In this thought-provoking novel, number-one New York Times best-selling author Liane Moriarty deftly explores the reality of parenting and playground politics, ex-husbands and ex-wives, and fractured families. And in her pitch-perfect way, she shows us the truth about what really goes on behind closed suburban doors.
Way to follow up The Husband’s Secret, Liane Moriarty! Big Little Lies is just as dark, juicy, and addictive as last-summer’s smash hit. Big Little Lies leaves your heart smashed in a million pieces just like that lollipop on the cover – who knew a book about kindergarten moms could be so delicious.
Big Little Lies is the story of three moms:
- Madeline’s a 40-year-old gossipy mom of three, who loves makeup and heels. Her ex-husband’s child is also in the same kindergarten class as Madeline’s youngest, and that’s as awkward as you’d expect.
- Celeste is the impossibly beautiful and somewhat absent-minded mom of twin boys. She’s married to the rich and powerful Perry and together they are the golden couple everyone watches in awe.
- Jane is the twenty-four year old newcomer and single mom to Ziggy. She is shy and awkward but determined to do all she can to help Ziggy transition to his new environment. The mom’s of Pirriwee Public though have other ideas.

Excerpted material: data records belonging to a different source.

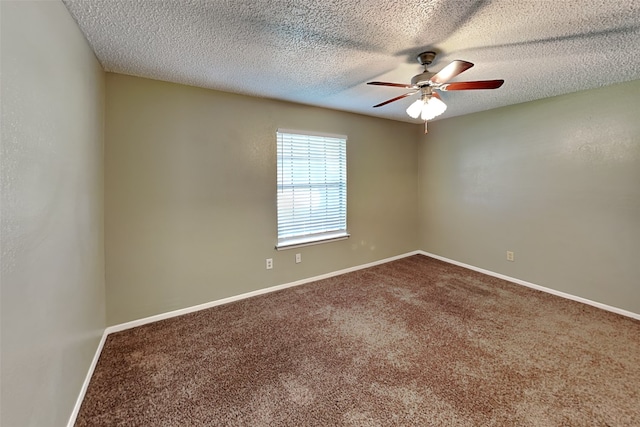 carpeted spare room with ceiling fan and a textured ceiling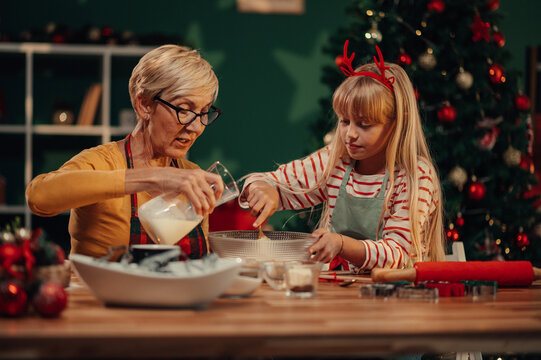Grandmother and granddaughter baking christmas cookies together - Powered by Adobe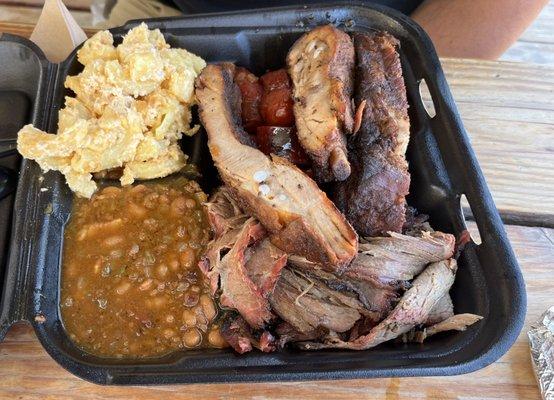 Top left Mac and cheese, hot link, pork ribs, baked beans, brisket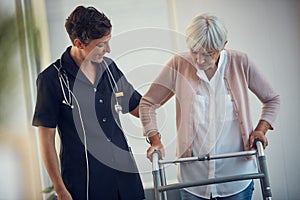 Were slowly getting there. a young female nurse assisting a senior woman walk using a walker in a nursing home.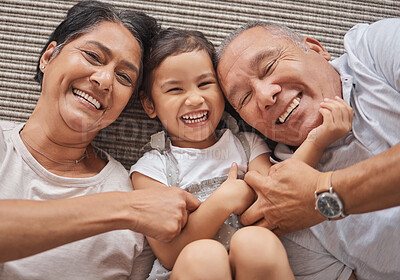Buy stock photo Kid, grandma and grandpa lying on floor playing at home, spending family time together above view. Happy grandparents bonding with little girl in Mexico. Senior man, elderly woman and child laughing.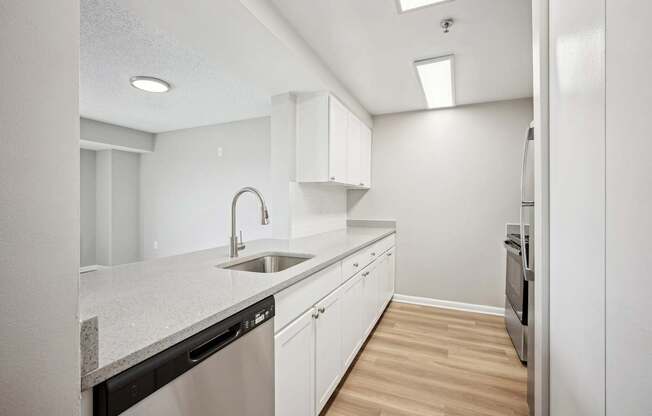 A modern kitchen with white cabinets and a granite countertop.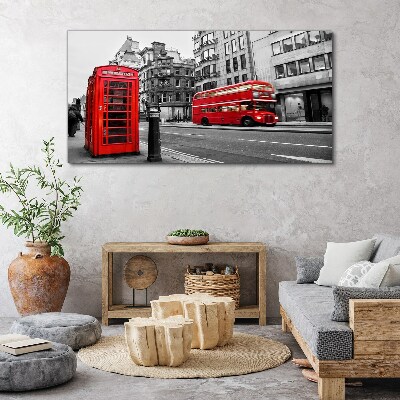 Tableau sur toile Un téléphone rouge dans une ville grise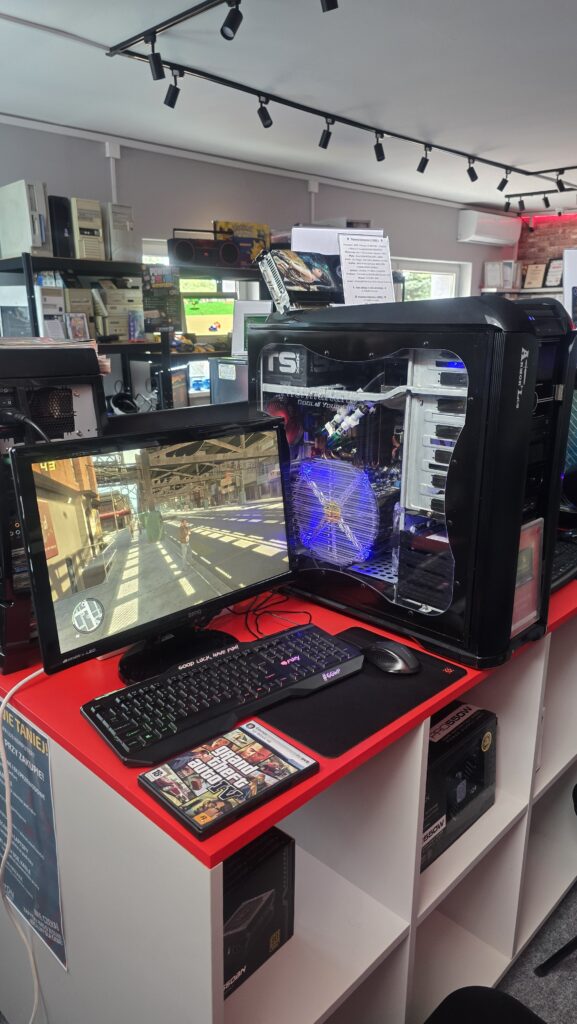 Stanowisko do grania z komputerem stacjonarnym, monitorem, klawiaturą i klasyczną grą na ekranie w sklepie powerON GTA IV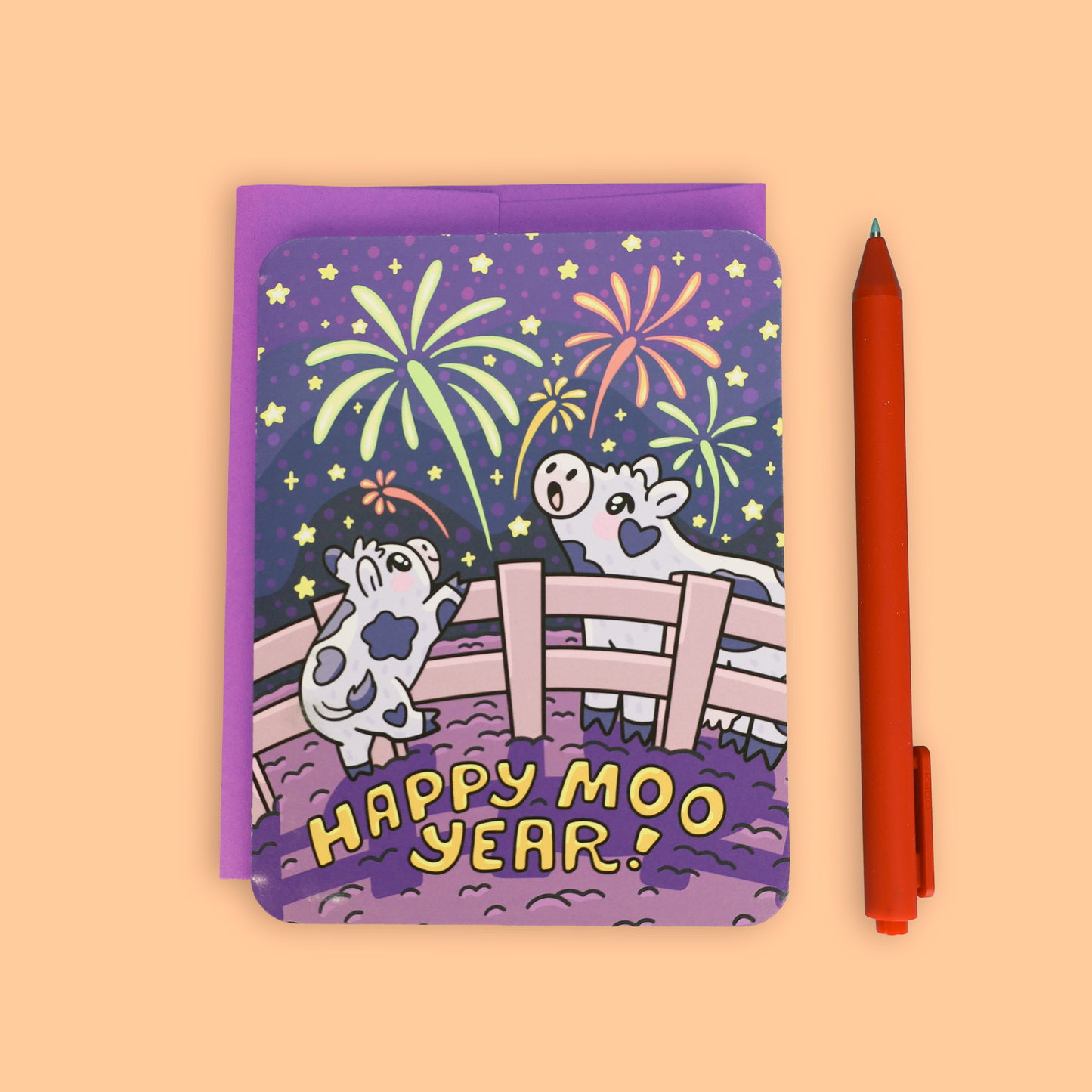 A purple greeting card with a cartoon cow and horse under fireworks and the text 'HAPPY MOO YEAR!' shown on a peach background next to an orange pen.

Madeline takes Jane under her wing, and along with Celeste, the trio bond over school, family, coffee, books and gossip. They live in a beautiful Australian seaside community of blonde bobs and plain Jane’s who all have something to hide.
Big Little Lies starts at the end of the story, when the school’s Trivia Night takes a murderous turn. The reader doesn’t know the identity of the killer or the victim, but flashbacks and (and brief comedic sound bites by other voices in the community) fill in the blanks leading up to that fateful night. You’ll want the flashbacks to hurry up and catch up to Trivia night to finally get some answers, but at the same time feel unwilling to let the characters go.
If you are a mom you’ll recognize a lot of the mom politics that take place in the book. And if you’re not a parent, you’ll be afraid for the time when your kid starts school. There’s bullying not only among the kids, but also among the parents. Some of the schoolyard scenarios are heartbreaking while others are just plain ludicrous. (Kindergarten is usually not this bad, but just wait till middle school- ha!)
Liane Moriarty has quite an ambitious story to tell. There’s some heavy things going on behind closed doors, and appearances are not what they seem. These hard-hitting, tense stories are balanced with lightness and humor. The cliquish mom’s can be cruel but also provide some comedic relief in this suburban tale. The ending was satisfying, unexpected and appropriately twisty. It’s worth the lengthy buildup.
I listened to the audiobook, read by Caroline Lee. I really liked Lee’s narration in The Husband’s Secret so held out until I could grab an audio copy of Big Little Lies from the library. Lee makes this story really absorbing as she brings the small-town story to life. She is especially great with her larger than life portrayal of Madeline, but also subtle when the scene calls for it. I whole-heartedly recommend this as an audiobook- you will be looking for excuses to keep listening either by taking the long way home, staying on the treadmill longer, or volunteering to do the dishes. Lee is a great partner-in-crime for Moriarty’s complex story.
If you loved The Husband’s Secret, get thee to a bookstore and grab Big Little Lies. And if you haven’t read either, read them back-to-back! You won’t be sorry. I’m glad to see that this book is getting some movie buzz. I couldn’t help but do a little armchair casting when I was listening to this story.
Have you read Big Little Lies yet? What did you think?